= Beginning of Section =
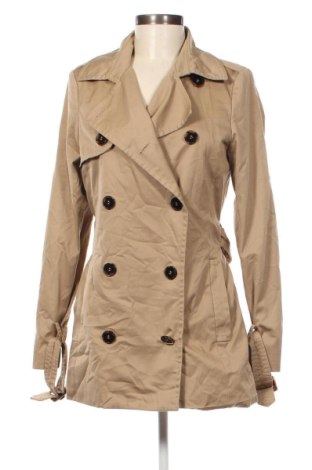 Dámsky kabát  H&M, Veľkosť M, Farba Béžová, Cena  18,15 €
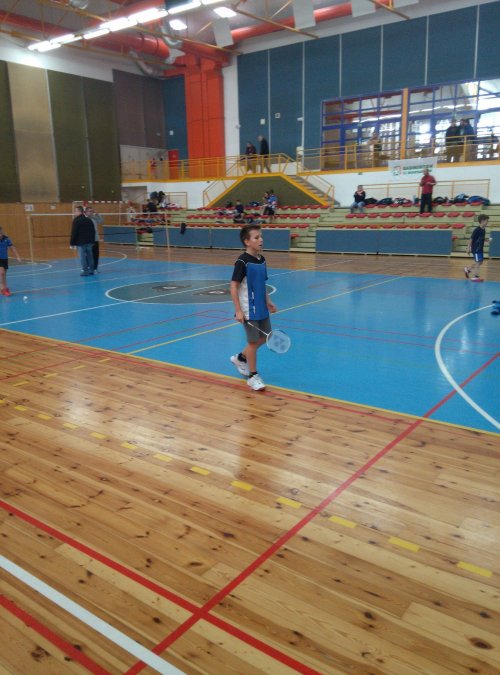 Druhé kolo družstev U13 - Rychnov nad Kněžnou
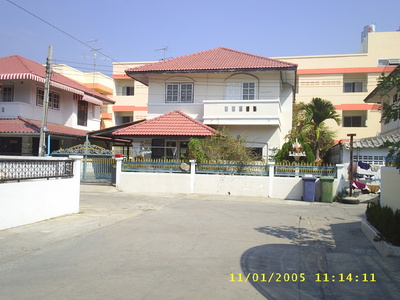 pic House at Samutprakarn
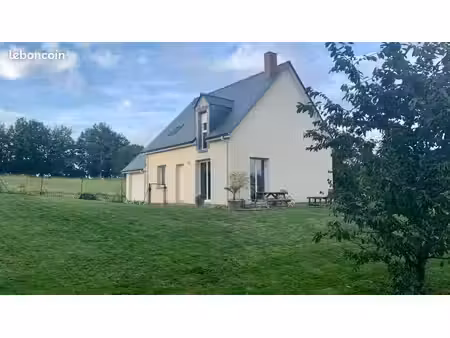 maison 100m² - 5 pieces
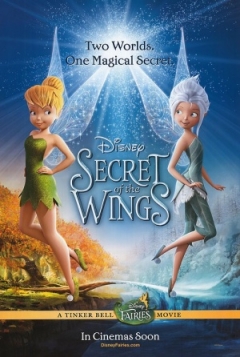Tinker Bell en het Geheim van de Vleugels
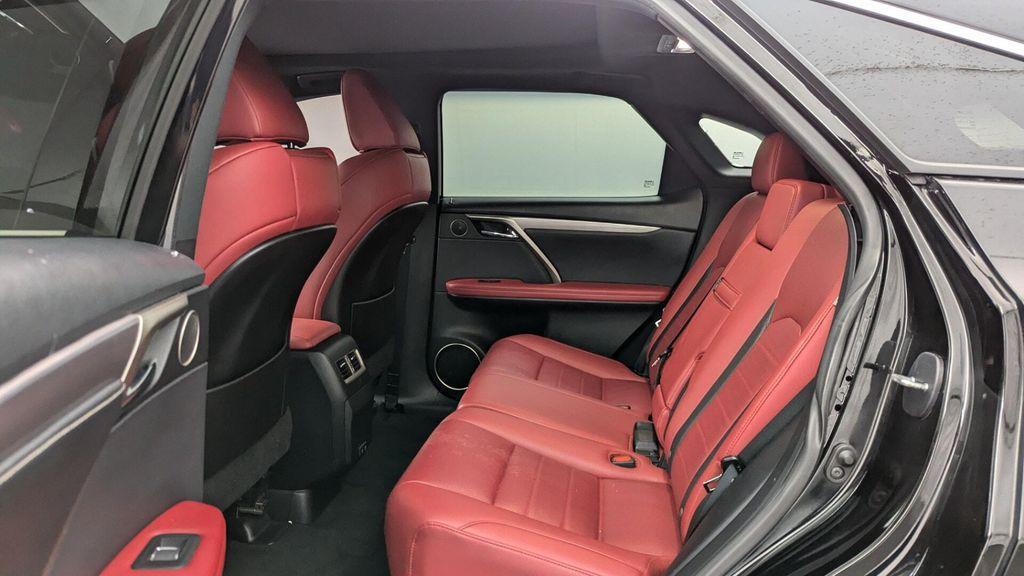 used 2021 Lexus RX 350 car, priced at $35,999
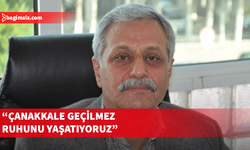 And, 18 Mart Çanakkale Zaferi ve Şehitleri Anma Günü nedeniyle mesaj yayımladı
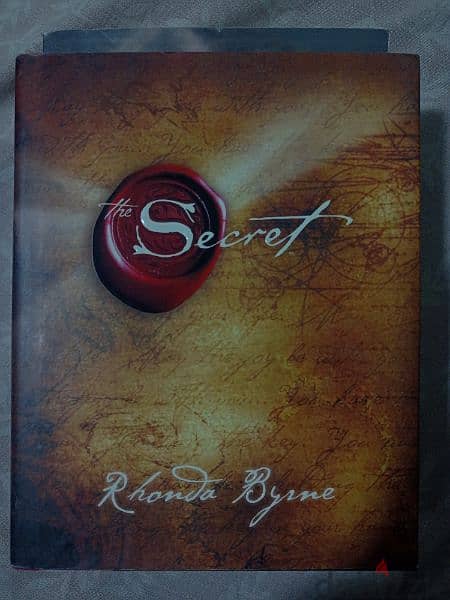 The Secret, Rhonda Byrne 0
= End of Section =
What you will do: Go through the listing and restate each line word for word, leaving out the pictures.

Result for this task:
 Dámsky kabát  H&M, Veľkosť M, Farba Béžová, Cena  18,15 €
 Druhé kolo družstev U13 - Rychnov nad Kněžnou
 pic House at Samutprakarn
 maison 100m² - 5 pieces
Tinker Bell en het Geheim van de Vleugels
 used 2021 Lexus RX 350 car, priced at $35,999
 And, 18 Mart Çanakkale Zaferi ve Şehitleri Anma Günü nedeniyle mesaj yayımladı
 The Secret, Rhonda Byrne 0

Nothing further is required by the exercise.